United States District Court, N.D. California.

December 2, 1993.

Dwight C. Donovan, Ellis Ross Anderson, Laurence Kurzrock, Anderson Donovan & Poole, San Francisco, CA, for plaintiff.

*703 Peter Arth, Jr., Edward W. O'Neill, Timothy E. Treacy, Public Utilities Commission of the State of California, San Francisco, CA, for defendants.

OPINION

PATEL, District Judge.

Plaintiff, United Parcel Service, Inc. ("UPS") brings this action against defendants, the California Public Utilities Commission and various officials in its employ (collectively, "CPUC"), for declaratory and injunctive relief pursuant to the equal protection clause of the United States Constitution and the Declaratory Judgment Act, 28 U.S.C. §§ 2201-2202. The action is before the court on defendants' motion to dismiss pursuant to Federal Rule of Civil Procedure 12(b)(6).[1]

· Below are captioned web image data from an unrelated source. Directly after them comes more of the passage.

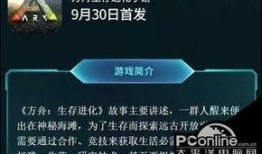 国服方舟爆料了吗最新消息,神秘新内容即将揭晓！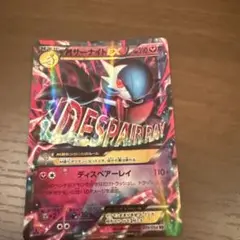 MサーナイトEX RR XY11 冷酷の反逆者 039/054 MサーナイトEX RR [冷酷の反逆者] XY11 039/054 買取 | ポケモン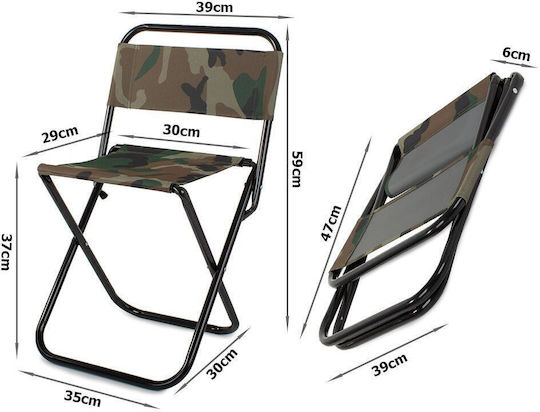 Verk Group Stuhl Strand 39x29x59cm
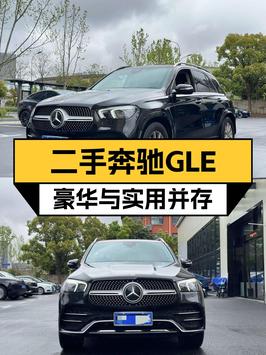 2021款奔驰 GLE 350 时尚型，上海车仅过户1次，报价55.8万！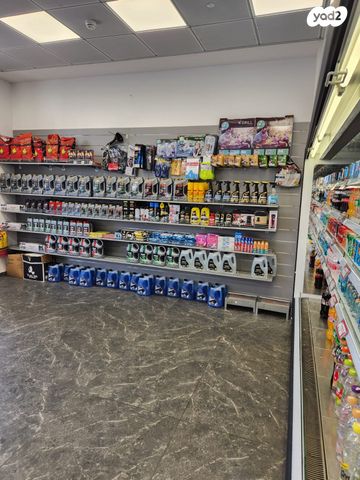 כללי, כפר סבא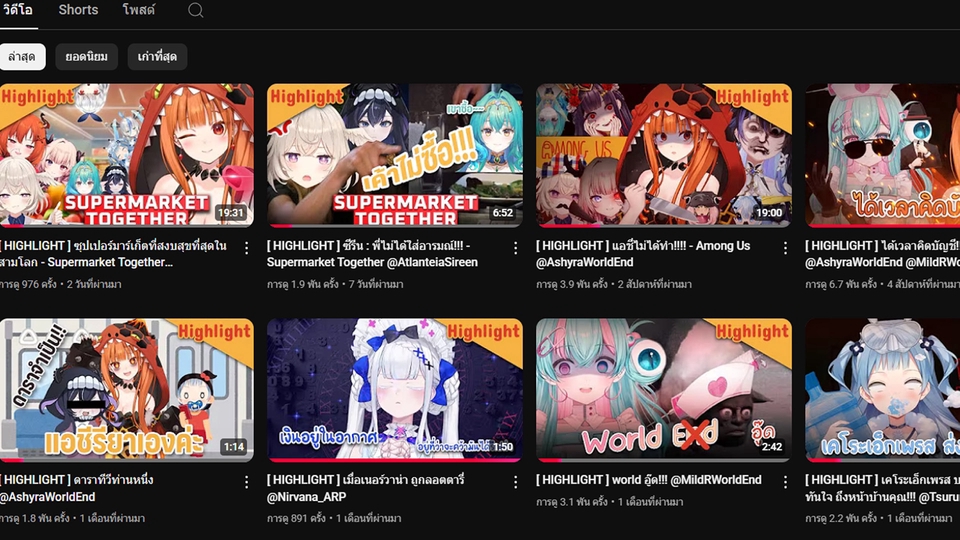 ตัดต่อคลิปลง youtube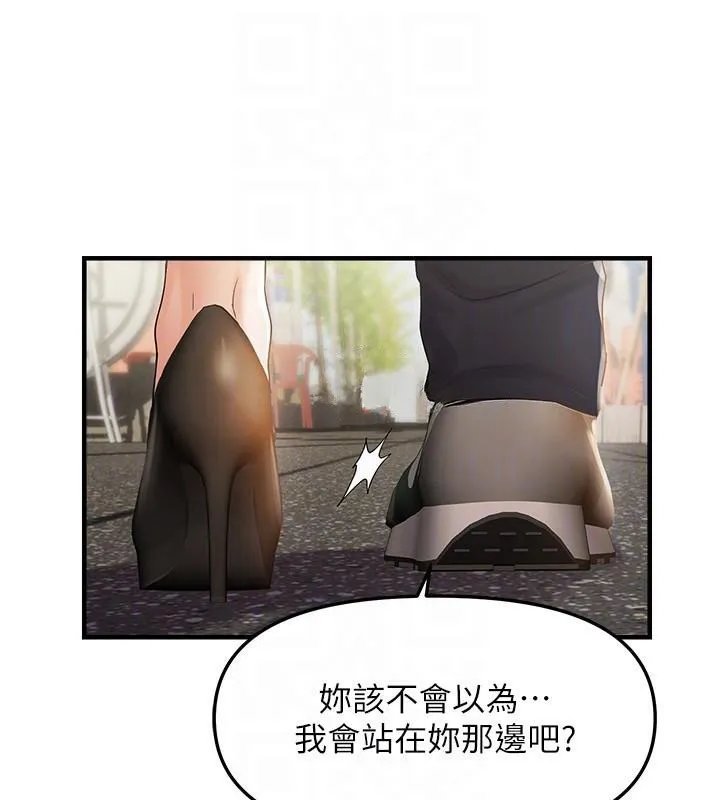 偏偏慾到妳-第35話-妳只是我的玩具 - 图片 127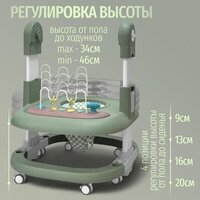 Bubago William BG 193-1 (зеленый) Image #17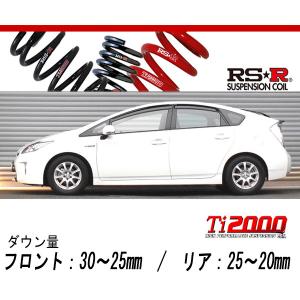 RS-R_Ti2000 SUPER DOWN]ZVW30 プリウス_G(2WD_1800 HV_H25/9〜)用競技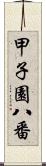 甲子園八番 Scroll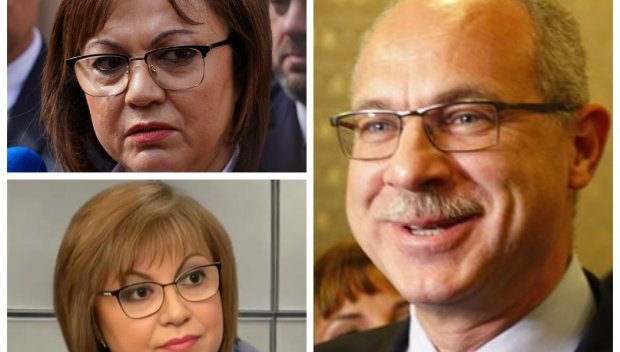ЛЪСНА ИСТИНАТА за вечната младост на Корнелия Нинова и как Антон Тодоров не е успял да отрови баба си (УНИКАЛЕН КАДЪР)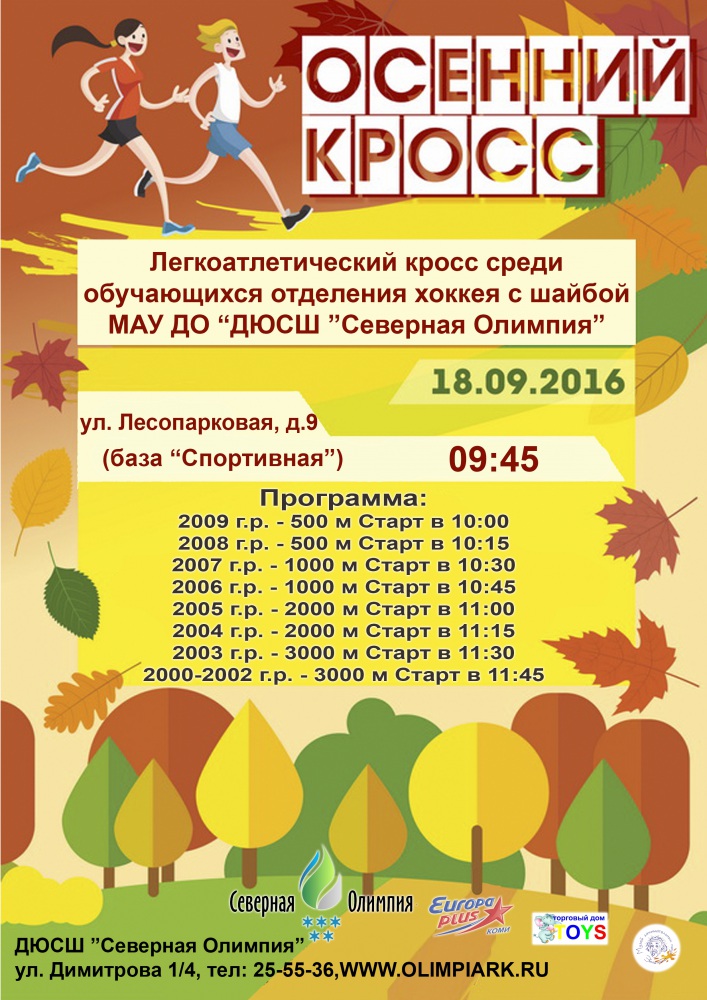 готово.jpg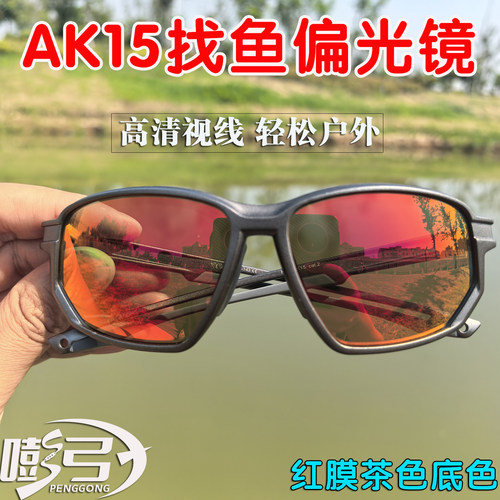 新款AK15专用偏光找鱼看鱼射鱼眼镜透光率35红膜阴天提光升级AK12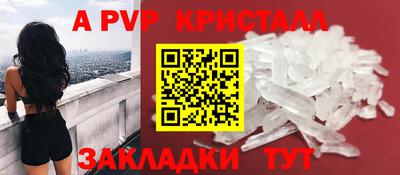 мефедрон мука Гай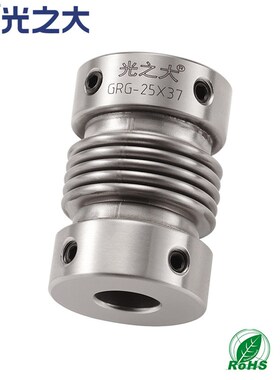 厂家定制联轴器厂波纹管不锈钢膜片联轴器GRG-20X32弹性连轴器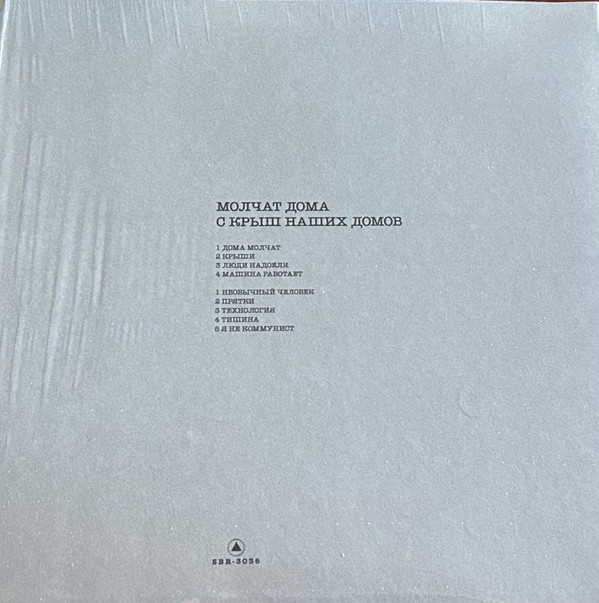 Молчат Дома - С Крыш Наших Домов | Sacred Bones Records (SBR-3036) - 2 Молчат Дома - С Крыш Наших Домов | Sacred Bones Records (SBR-3036) - 2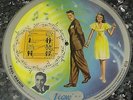 Vogue Picture Record R739 Paul Shahin 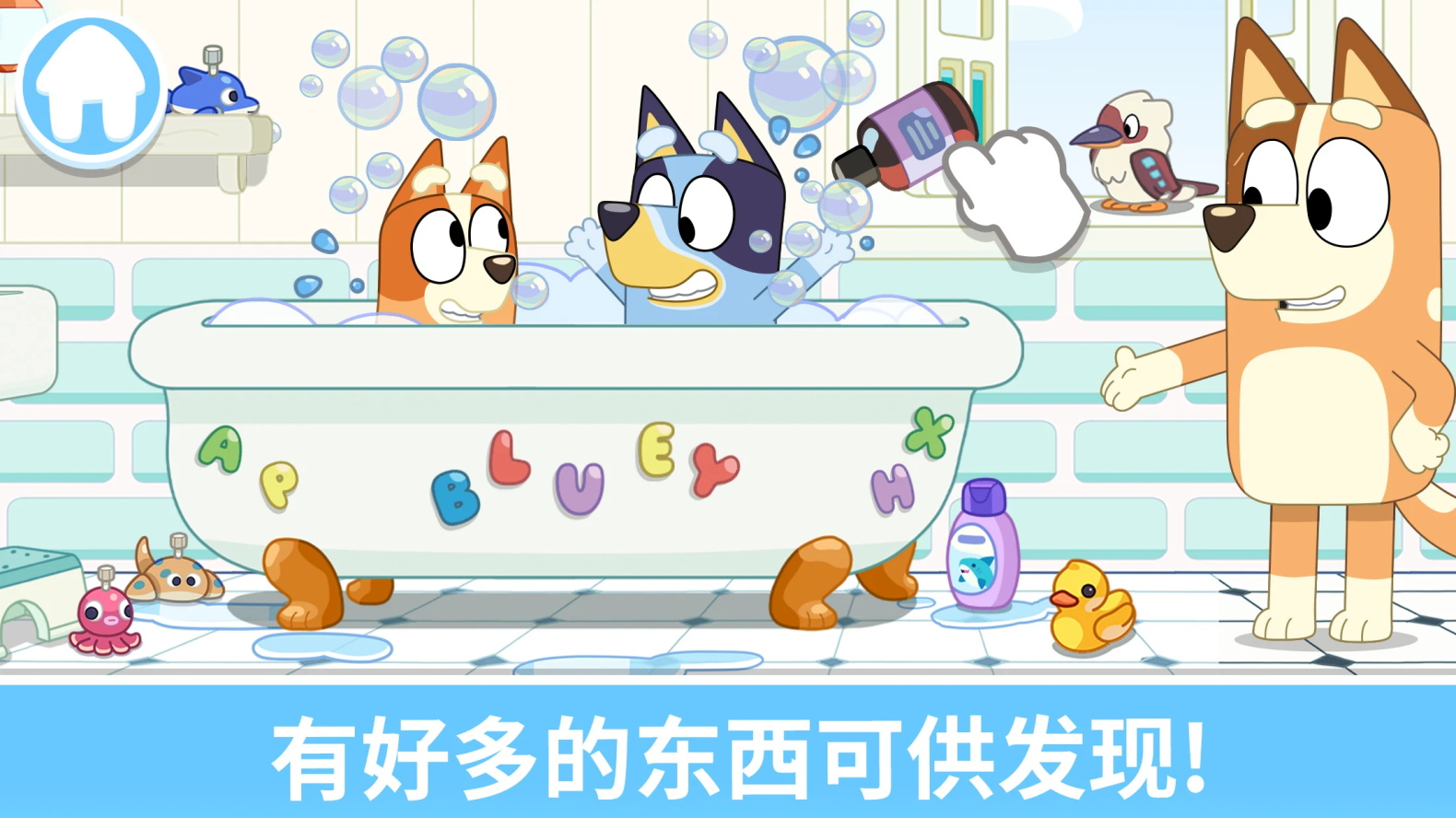 布鲁伊一起玩吧：下载可爱画风休闲益智游戏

Having considered the parties' arguments and submissions, and for the reasons set forth below, the court enters the following opinion.

BACKGROUND

UPS is a common carrier of small parcels engaged in extensive interstate and intrastate transportation that is subject to regulation by the CPUC.[2] In 1938 UPS received an exemption from the CPUC's rate regulation of general common carriers which enabled it to alter its fee structure with greater flexibility than other carriers. The exemption was apparently predicated on the notion that UPS requires such flexibility because it competes directly with the United States Postal Service, which is unregulated. This exemption had continued unaltered since 1938.

Consistent with earlier rate increases and its special exemption, UPS raised its small parcel delivery rates on January 7, 1992 by filing tariff pages with the CPUC and scheduled the increases to take effect on thirty days notice. The CPUC accepted the tariff pages, and UPS assessed the new rates thereafter. Cal Pak Delivery, Inc., a UPS competitor, subsequently filed a complaint with the CPUC alleging that UPS had utilized the wrong rate increase procedure to institute its rate changes. UPS answered the complaint and, in response to it and to challenges to previous rate increases, filed a formal application in April 1992 asking the CPUC to clarify the procedures UPS was to follow when changing its rates under its longstanding exemption. The CPUC consolidated the two proceedings.

On February 3, 1993 the CPUC issued Decision No. 93-02-001 articulating for the first time that under the exemption UPS must file a formal rate increase application for rate increases of any magnitude. By contrast, at that time all other common carriers within the state could, on ten days notice, increase rates up to ten percent without seeking CPUC approval.[3] Nothing in the decision addressed UPS's request that alternative ratemaking procedures be adopted in light of existing regulations, or UPS's request that CPUC honor an alleged stipulation by CPUC staff that it would continue to allow UPS to institute rate increases without CPUC approval. The decision did, however, give UPS an opportunity to amend its application within thirty days to propose alternative ratemaking procedures. Pursuant to California law, UPS filed for a rehearing of the matter with the CPUC on March 5, 1993 arguing that the decision was inconsistent with prior rulings and violated UPS's state and federal equal protection rights. The CPUC denied UPS's request for rehearing on May 7, 1993. On June 9, 1993 UPS sought review in the Supreme Court of California, and that court denied review without opinion on August 12, 1993.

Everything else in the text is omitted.